FIG. 1 is a perspective view to show a body of an automobile. The body of an automobile includes various structural members. For example, when an automobile is subjected to a side collision, an injury value of an occupant largely depends on deformation behaviors of a center pillar 1, a side sill 2, and a roof rail 3 among the structural members. The center pillar 1 is disposed in an upright orientation at each of both sides of the body. The side sill 2 is connected to a lower end of the center pillar 1. The roof rail 3 is connected to an upper end of the center pillar 1. The side sill 2 and the roof rail 3 extend in the fore-and-aft direction of the body.
In the development of an automobile, it is essential to evaluate the performance of structural members against side collision. In general, automobile manufacturers fabricate a proto-type vehicle and performs a side collision test by using the proto-type vehicle (hereafter, also referred to as a “real-vehicle test”) to evaluate the performance of the structural members. However, such a proto-type vehicle is costly, and the fabrication time of the proto-type vehicle is long. For that reason, chances of performing such evaluation by a real-vehicle test are limited. Moreover, when a problem occurs in the performance of a structural member in a real-vehicle test, it becomes necessary to fabricate another proto-type vehicle of a modified design and perform the real-vehicle test again, causing the automobile development to be delayed. Particularly, since the period of automobile development has been shortened in recent years, it is difficult to perform real-vehicle tests at many conditions. Therefore, it is also not easy to adopt a new material, a new structure, and like for the structural members.
Further, it is difficult for material manufacturers (for example, steel manufacturers), parts manufacturers, and the like other than automobile manufacturers to perform a real-vehicle test independently. This is because there are constraints in the preparation of proto-type vehicles, the construction of real-vehicle test facilities, and the like. For that reason, it is very difficult for a manufacturer of starting material, a manufacturer of parts, or the like to evaluate the collision performance of its own product.
Therefore, it is particularly desirable to perform a collision test by using a single structural member without performing a real-vehicle test which uses a proto-type vehicle, as a technique for evaluating the performance of a structural member against side collision.
For example, Japanese Patent Publication No. 4902027 (Patent Literature 1) discloses a technique of selecting a structural member which has a large contribution to absorption of collision energy, and evaluating the collision performance of this single structural member. It is described that the technique of Patent Literature 1 makes it possible to accurately evaluate performance by performing a collision test using, as a test sample, a center pillar or the like, which undergoes bending deformation during a side collision without fabricating a proto-type vehicle.

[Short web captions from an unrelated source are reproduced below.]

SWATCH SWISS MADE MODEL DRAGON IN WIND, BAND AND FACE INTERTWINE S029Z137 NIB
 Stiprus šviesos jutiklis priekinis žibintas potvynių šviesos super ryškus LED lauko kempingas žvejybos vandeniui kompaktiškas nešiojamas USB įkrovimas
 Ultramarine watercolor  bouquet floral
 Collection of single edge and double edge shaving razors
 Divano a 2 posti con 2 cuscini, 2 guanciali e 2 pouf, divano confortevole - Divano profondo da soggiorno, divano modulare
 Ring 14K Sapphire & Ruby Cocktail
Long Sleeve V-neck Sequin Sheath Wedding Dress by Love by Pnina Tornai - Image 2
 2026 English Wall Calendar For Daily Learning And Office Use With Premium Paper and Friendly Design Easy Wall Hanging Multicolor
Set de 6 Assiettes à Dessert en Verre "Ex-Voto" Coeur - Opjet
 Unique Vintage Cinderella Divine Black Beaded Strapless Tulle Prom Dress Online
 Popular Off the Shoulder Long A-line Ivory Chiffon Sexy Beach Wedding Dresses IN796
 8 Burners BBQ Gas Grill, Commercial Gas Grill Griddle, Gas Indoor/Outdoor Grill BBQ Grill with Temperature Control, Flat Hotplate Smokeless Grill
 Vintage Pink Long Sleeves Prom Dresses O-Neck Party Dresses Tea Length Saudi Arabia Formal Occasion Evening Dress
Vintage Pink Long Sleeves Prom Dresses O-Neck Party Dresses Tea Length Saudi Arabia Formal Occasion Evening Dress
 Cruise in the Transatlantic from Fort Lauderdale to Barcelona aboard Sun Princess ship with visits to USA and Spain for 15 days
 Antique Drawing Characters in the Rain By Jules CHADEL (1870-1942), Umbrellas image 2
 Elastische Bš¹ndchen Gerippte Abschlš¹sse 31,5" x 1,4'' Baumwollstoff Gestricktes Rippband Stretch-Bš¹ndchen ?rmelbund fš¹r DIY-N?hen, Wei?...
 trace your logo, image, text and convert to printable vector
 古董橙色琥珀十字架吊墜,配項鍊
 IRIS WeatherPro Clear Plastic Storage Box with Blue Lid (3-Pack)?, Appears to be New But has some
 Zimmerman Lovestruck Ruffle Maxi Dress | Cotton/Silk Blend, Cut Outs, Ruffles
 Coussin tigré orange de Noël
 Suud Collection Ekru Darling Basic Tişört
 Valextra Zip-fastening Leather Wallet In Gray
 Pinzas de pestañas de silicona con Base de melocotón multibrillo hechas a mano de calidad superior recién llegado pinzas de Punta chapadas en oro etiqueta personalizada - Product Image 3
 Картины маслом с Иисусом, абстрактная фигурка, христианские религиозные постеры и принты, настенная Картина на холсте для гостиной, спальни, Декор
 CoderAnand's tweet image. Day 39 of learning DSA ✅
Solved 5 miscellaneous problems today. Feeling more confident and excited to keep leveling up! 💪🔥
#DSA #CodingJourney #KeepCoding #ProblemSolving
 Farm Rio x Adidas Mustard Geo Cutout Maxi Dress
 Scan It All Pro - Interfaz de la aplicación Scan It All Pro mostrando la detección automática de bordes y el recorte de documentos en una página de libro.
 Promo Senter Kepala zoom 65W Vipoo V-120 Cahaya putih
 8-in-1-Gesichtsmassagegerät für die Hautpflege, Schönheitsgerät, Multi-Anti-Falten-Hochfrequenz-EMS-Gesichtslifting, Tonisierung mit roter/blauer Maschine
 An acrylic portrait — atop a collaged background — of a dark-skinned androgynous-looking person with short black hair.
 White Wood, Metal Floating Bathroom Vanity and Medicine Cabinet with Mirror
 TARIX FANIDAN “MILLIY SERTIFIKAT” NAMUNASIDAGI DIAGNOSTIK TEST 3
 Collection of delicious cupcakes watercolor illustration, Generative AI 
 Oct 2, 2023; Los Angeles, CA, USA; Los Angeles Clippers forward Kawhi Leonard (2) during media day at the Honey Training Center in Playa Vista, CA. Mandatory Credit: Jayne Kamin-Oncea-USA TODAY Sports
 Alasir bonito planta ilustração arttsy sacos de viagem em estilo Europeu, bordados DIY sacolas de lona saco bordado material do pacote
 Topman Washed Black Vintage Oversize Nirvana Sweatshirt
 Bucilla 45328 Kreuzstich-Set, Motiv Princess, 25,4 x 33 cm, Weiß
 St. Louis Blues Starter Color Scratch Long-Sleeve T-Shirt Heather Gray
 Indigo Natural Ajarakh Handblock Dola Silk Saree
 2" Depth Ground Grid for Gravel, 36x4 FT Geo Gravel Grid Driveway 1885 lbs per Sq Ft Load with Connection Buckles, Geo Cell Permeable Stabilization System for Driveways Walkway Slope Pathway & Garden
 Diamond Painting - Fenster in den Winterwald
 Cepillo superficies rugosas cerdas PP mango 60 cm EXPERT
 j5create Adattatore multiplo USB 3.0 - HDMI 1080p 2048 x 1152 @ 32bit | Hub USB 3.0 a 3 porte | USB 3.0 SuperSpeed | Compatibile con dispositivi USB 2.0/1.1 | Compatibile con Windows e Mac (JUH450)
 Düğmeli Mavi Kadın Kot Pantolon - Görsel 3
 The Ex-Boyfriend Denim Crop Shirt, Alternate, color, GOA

FIG. 2 is a side view to show a collision test apparatus disclosed in Patent Literature 1. As shown in FIG. 2, in a collision test of Patent Literature 1, a center pillar assembly 5 among structural members is used as the test sample. The center pillar assembly 5 includes a pillar part 5a, a lower horizontal part 5b which extends from a lower end of the pillar part 5a in a fore-and-aft direction, and an upper horizontal part 5c which extends from an upper end of the pillar part 5a in the fore-and-aft direction. The center pillar assembly 5 is supported at a total of four portions including the front end and rear end of the lower horizontal part 5b and the front end and rear end of the upper horizontal part 5c via a flywheel 104, respectively. During the collision test, an impact is applied to the pillar part 5a by an impactor 17 which moves in the horizontal direction. The flywheel 104 serves to simulate deformation resistance of the side sill 2 and the roof rail 3 when subjected to an impact load, and reproduces deformation behavior of the center pillar 1 similar to that in a real-vehicle test.
In reality, however, upon a side collision in a real-vehicle test, the side sill 2 and the roof rail 3 undergo torsional deformation and bending deformation at the same time as the pillar part 5a undergoes bending deformation. In other words, the side sill 2 and the roof rail 3 undergo plastic deformation. In this respect, in the technique of Patent Literature 1, the flywheel 104 which simulates the side sill 2 and the roof rail 3 allows rotation and does not undergo plastic deformation. For that reason, there is a risk that results obtained from the collision test of Patent Literature 1 deviate from results of a real-vehicle test.
Moreover, the technique of Patent Literature 1 is laborious in assembling the center pillar assembly 5 to the test apparatus. Further, during a collision test of Patent Literature 1, the deformation behavior of the pillar part 5a is observed by a camera (not shown). In that occasion, the flywheel 104 hinders the photographing by the camera.